Kittyradio Forums
Go Back   Kittyradio Forums > listen & watch > the jukebox


Reply
 
LinkBack Thread Tools Display Modes
  #1  
Old 05-01-2007, 08:44 PM
historygravity's Avatar
I did a twisty
 
Join Date: Apr 2006
Location: On Some Faraway Beach
Posts: 5,475
historygravity has a reputation beyond repute historygravity has a reputation beyond repute historygravity has a reputation beyond repute historygravity has a reputation beyond repute historygravity has a reputation beyond repute historygravity has a reputation beyond repute historygravity has a reputation beyond repute historygravity has a reputation beyond repute historygravity has a reputation beyond repute historygravity has a reputation beyond repute historygravity has a reputation beyond repute
Love 666 New Project Rock / USAdown: Live Death U.S. Tour 2007

Live Death U.S. Tour 2007: forget Ozzfest, Rock / Usadown brings the real rock borne of mental illness, drug addiction and revolution to cities nationwide.

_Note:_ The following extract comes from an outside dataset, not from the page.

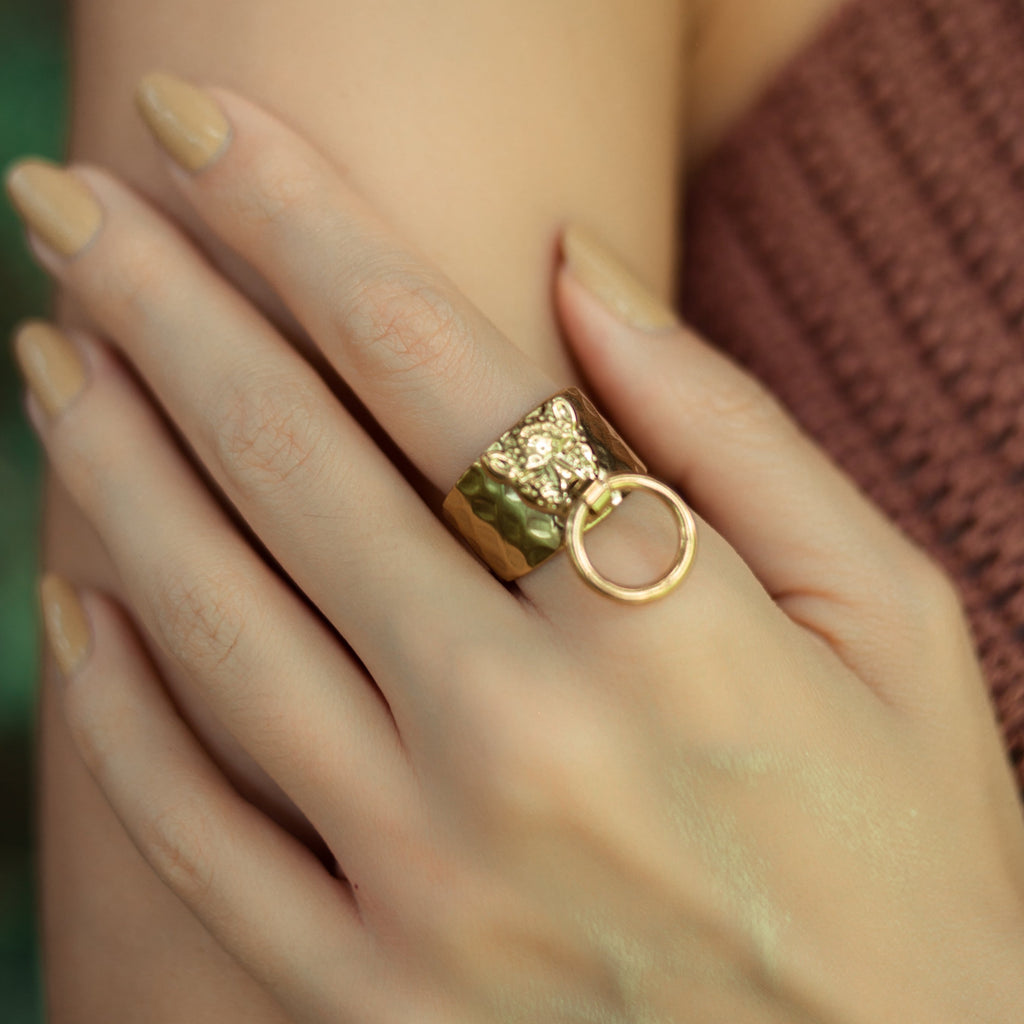 Anillo Jaguar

“Rock frontman Dave Unger and USAdown’s Joe Johnson admit that there’s a method to their madness, which is to say there isn’t really one besides gathering onstage and gigging. And unlike their jazz-inspired dissonant counterparts, they riff strictly in a hard-hitting rock style -- no rubber-armed drummers or saxes played to sound like sodomized geese. Their sound is best represented on This Is The New American National Anthem, which features guitarist/vocalist Johnson and keyboardist/guitarist Unger performing a noise clinic in a single 47-plus-minute composition. Whenever a structure becomes apparent, the duo shifts directions at breakneck speed to deconstruct the inherent qualities of structure. It’s very cool stuff, man.” -- Phoenix New Times



The remarkably candid and outspoken members of noise duo Rock / USAdown have faced many challenges in their respective lives -- from mental illness and drug addiction to trading prestigious musical educations for life on the road in the ballyhooed 90's AmRep band Love 666. So, it's fitting that its freeform musical style is equally challenging to the listener. Take a listen http://www.fanaticpromotion.com/ecards/rockusadown/


This May, Rock / USAdown plans to throw down the gauntlet nationwide for all to see on a tour destined to be an event of legend and bearing far more heft and urgent catharsis then the entirety of this summer's Ozzfest.



Those familiar with the heyday of the fantastic T Rex-meets-Blue Cheer power trio Love 666 will recall that band's penchant for grandiose statements of drug-fueled revolution (including the landmark album titled Please Kill Yourself So I Can Rock.) Over a decade later, Dave Unger and Joe Johnson are still advocating pure freedom, drug use and revolution in the new skree collective fittingly named Rock / USAdown, two independent endeavors that perform separately on tour and on future releases.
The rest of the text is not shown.